WORK REQUEST =
Once you find a line containing the word "China" in the entries below, copy it.

+++ DATA

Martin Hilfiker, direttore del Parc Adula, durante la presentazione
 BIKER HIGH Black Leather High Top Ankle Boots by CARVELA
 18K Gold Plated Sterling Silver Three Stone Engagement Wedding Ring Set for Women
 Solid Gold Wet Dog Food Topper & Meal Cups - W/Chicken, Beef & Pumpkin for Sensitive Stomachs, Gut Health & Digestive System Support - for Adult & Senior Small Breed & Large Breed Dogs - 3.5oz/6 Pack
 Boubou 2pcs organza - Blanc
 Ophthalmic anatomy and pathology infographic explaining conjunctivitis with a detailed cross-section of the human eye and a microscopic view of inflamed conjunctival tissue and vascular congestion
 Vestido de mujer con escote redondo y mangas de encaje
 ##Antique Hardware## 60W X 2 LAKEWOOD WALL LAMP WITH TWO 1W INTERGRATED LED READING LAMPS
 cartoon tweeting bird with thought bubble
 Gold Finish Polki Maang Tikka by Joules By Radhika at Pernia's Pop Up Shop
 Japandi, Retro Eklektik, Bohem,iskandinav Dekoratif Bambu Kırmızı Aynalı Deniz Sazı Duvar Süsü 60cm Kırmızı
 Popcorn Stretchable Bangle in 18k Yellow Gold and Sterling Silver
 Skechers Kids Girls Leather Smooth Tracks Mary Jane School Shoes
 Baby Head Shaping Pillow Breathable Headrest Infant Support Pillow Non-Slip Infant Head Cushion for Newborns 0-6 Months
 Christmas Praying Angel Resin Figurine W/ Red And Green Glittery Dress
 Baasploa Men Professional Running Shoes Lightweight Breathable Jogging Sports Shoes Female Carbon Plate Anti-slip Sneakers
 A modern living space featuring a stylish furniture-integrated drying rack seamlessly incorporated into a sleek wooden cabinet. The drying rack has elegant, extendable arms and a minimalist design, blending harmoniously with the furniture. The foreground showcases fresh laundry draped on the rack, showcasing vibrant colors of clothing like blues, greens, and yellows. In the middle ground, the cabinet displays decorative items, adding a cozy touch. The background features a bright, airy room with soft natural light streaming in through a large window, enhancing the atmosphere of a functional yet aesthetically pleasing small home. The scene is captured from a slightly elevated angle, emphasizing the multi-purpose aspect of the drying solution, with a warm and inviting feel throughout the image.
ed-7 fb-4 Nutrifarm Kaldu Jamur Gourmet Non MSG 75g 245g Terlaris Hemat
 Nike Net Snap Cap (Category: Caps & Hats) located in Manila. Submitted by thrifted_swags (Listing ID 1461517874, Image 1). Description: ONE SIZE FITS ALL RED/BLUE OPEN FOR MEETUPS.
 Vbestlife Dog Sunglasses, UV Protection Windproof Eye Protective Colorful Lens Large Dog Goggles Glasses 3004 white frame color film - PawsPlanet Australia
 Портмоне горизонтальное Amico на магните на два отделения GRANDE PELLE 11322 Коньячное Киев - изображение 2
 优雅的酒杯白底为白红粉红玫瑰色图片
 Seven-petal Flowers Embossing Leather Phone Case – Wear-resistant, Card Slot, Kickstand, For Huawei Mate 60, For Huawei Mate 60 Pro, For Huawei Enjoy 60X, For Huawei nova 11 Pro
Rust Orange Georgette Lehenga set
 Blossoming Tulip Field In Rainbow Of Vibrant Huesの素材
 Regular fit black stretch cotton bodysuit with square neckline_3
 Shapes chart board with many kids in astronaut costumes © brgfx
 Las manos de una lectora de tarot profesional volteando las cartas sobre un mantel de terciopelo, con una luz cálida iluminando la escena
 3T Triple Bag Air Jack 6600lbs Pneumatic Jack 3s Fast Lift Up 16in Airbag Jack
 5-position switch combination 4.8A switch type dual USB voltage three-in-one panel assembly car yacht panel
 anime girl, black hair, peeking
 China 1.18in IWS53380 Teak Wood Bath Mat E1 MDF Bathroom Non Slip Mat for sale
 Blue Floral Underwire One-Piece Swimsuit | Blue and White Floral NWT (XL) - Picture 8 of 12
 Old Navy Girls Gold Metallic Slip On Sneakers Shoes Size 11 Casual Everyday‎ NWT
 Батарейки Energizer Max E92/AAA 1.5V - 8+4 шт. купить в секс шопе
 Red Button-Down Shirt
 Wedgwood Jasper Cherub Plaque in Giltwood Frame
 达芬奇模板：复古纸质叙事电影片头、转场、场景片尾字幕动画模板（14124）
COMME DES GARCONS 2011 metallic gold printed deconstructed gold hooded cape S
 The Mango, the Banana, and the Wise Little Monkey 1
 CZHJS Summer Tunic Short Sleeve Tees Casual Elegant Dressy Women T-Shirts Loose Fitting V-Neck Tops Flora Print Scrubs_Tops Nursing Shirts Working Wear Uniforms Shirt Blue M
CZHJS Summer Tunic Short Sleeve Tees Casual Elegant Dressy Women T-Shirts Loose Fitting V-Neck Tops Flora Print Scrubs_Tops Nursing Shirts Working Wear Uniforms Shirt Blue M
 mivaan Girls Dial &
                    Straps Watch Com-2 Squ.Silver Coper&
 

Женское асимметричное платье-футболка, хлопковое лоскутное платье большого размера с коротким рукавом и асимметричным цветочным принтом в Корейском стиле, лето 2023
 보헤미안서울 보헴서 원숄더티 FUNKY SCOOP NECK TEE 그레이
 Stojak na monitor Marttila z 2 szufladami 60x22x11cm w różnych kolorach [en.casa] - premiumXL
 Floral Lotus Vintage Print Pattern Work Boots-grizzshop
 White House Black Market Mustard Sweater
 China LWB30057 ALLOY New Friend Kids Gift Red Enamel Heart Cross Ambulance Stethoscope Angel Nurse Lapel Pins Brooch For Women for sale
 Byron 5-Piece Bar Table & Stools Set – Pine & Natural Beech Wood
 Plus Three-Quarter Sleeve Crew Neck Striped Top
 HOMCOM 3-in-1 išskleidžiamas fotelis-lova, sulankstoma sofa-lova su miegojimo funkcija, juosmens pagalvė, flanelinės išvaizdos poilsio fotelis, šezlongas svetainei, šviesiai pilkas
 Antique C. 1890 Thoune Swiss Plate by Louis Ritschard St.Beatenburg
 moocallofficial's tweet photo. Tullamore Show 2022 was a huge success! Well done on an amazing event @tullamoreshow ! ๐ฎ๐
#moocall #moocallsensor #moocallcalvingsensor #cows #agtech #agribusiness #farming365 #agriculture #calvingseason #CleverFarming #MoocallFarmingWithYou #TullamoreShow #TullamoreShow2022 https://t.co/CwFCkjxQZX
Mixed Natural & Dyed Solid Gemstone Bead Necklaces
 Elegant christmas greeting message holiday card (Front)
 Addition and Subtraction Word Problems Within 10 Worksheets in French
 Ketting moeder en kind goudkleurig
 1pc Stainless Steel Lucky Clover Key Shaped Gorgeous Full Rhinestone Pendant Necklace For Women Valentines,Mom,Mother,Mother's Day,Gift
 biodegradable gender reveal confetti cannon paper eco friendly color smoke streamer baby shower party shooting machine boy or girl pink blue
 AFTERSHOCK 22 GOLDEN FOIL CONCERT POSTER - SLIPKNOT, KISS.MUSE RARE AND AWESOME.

++++++

COMPLETED TASK =
 China 1.18in IWS53380 Teak Wood Bath Mat E1 MDF Bathroom Non Slip Mat for sale
 China LWB30057 ALLOY New Friend Kids Gift Red Enamel Heart Cross Ambulance Stethoscope Angel Nurse Lapel Pins Brooch For Women for sale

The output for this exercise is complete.